Памятуя об этом, исключительно в эвристических целях и для наглядности зафиксируем следующие отличные друг от друга (отличные с грубым приближением) группы литературных кодов:
(1) Собственно языковые коды: на шкале кодов они занимают место от нулевой «нечувствительности» к изменению языкового кода, иначе говоря, от полюса артикуляционной инвариантности и до противоположного конца шкалы — до полной зависимости от такого рода изменений.
(2) Предметные языковые коды: от кодов, репрезентирующих без знаков, через репрезентирующие «знаками высших уровней» и вплоть до «символических кодов отнесения».
Чем ниже степень артикуляционной инвариантности кода, тем более несомненна его принадлежность к первой группе. Опять-таки граница между обеими группами представляет собой весьма постепенную градацию. Перед тем как рассмотреть этот несколько запутанный вопрос на примерах, отметим, что знаковость предметных кодов представляет собой информационную избыточность, которую текст придает изображаемым в нем объектам. Такой избыточности в реальном мире, вообще говоря, нет. В нем предметы и личности просто «существуют», что и составляет в экзистенциальном плане их «достаточное» основание, в то время как их наличие в литературном произведении может быть «значащим». Можно предпринять эксперимент с «переводом» произвольного литературного текста на язык в смысле обиходном вполне правильный, но по возможности нейтральный в кодовом отношении. Так, например, отрывок из разговора Кмицича с Оленькой в первом томе «Потопа» Г. Сенкевича звучит: «Я не был еще в Любече, понеже яко птица спешил припасть к стопам панны, моей госпожи. Прямо из лагеря ветер меня сюда принес…» и т. д. В упомянутого типа «переводе» мы бы получили достаточно забавное: «Не был я еще в Любече, потому что очень спешил вас приветствовать. Приехал прямо из лагеря…» и т. д. Однако сверх того выявляется, что «Трилогия» Сенкевича без своего «языкового облачения» не может существовать в качестве художественного произведения. Напротив, аналогичный «перевод на обиходный язык» текстов Толстого, Бальзака, Достоевского практически не дает таких результатов. А такие тексты, как проза Шульца, вообще не удастся подобным образом перевести: «перевод» в данном случае означал бы распад всего текста.

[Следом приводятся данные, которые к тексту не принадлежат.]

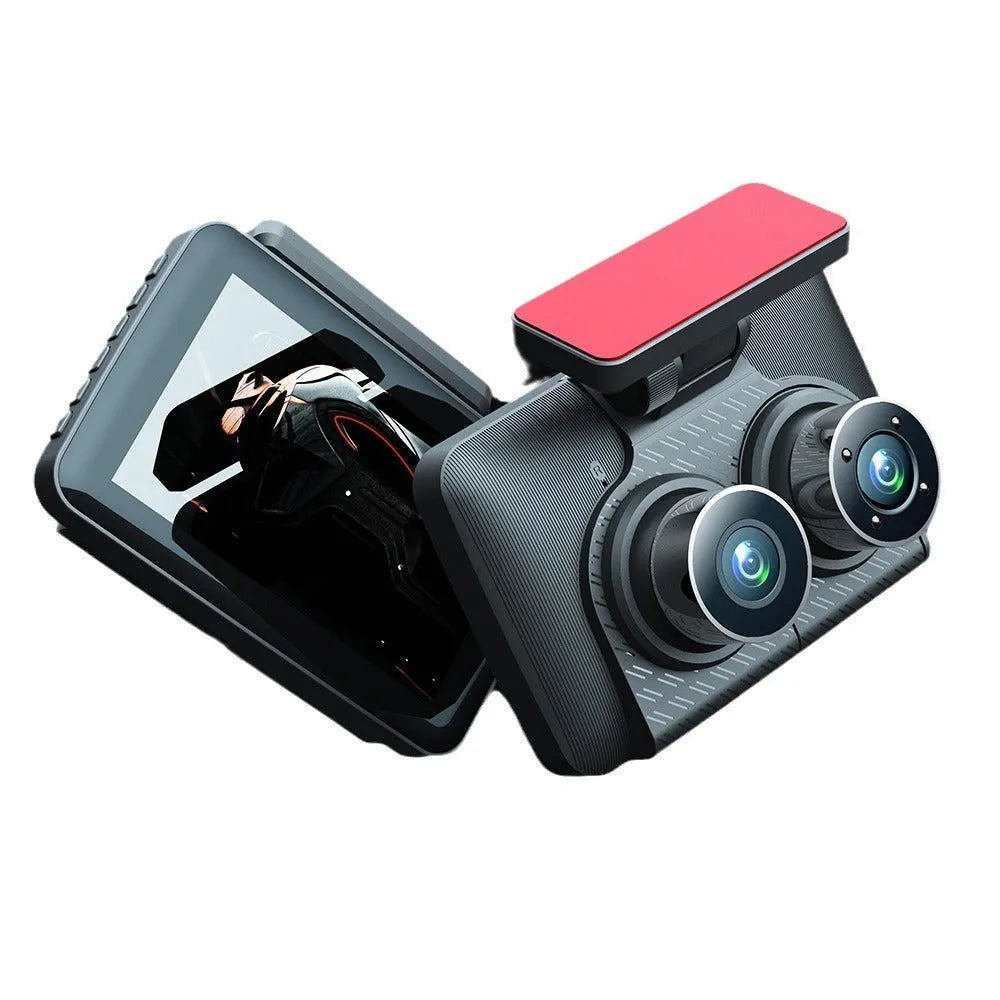Black 4 inch dashcam with touch screen display and wide angle lens for vehicle recording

Как отсюда видно, степень врастания внеязыковой — для данного литературного произведения — действительности в его язык есть величина, колеблющаяся в широких пределах. Можем предложить следующую рекомендацию: если перевод текста оказывается возможным в том смысле, что большая часть предметно изображенного в данном литературном произведении остается без существенных изменений после «артикуляционной трансформации» его кодов на «коды повседневной жизни», то в собственном смысле «литературные коды» этого произведения надо искать в его предметном мире. Если же, наоборот, предметность при такой трансформации сохраняется, но становится плоской, стереотипной, банальной, информационно обедненной, то коды произведения скрываются скорее в его языковом слое — предполагая, что оно вообще имеет собственные «ценностные» коды. Если устранить из «Трилогии» Сенкевича языковые украшения, ее мир станет плоским и банальным. Мир же романа Шульца при «переводе» вообще исчезнет. Когда такое имеет место, мы можем признать текст как бы «поэтическим».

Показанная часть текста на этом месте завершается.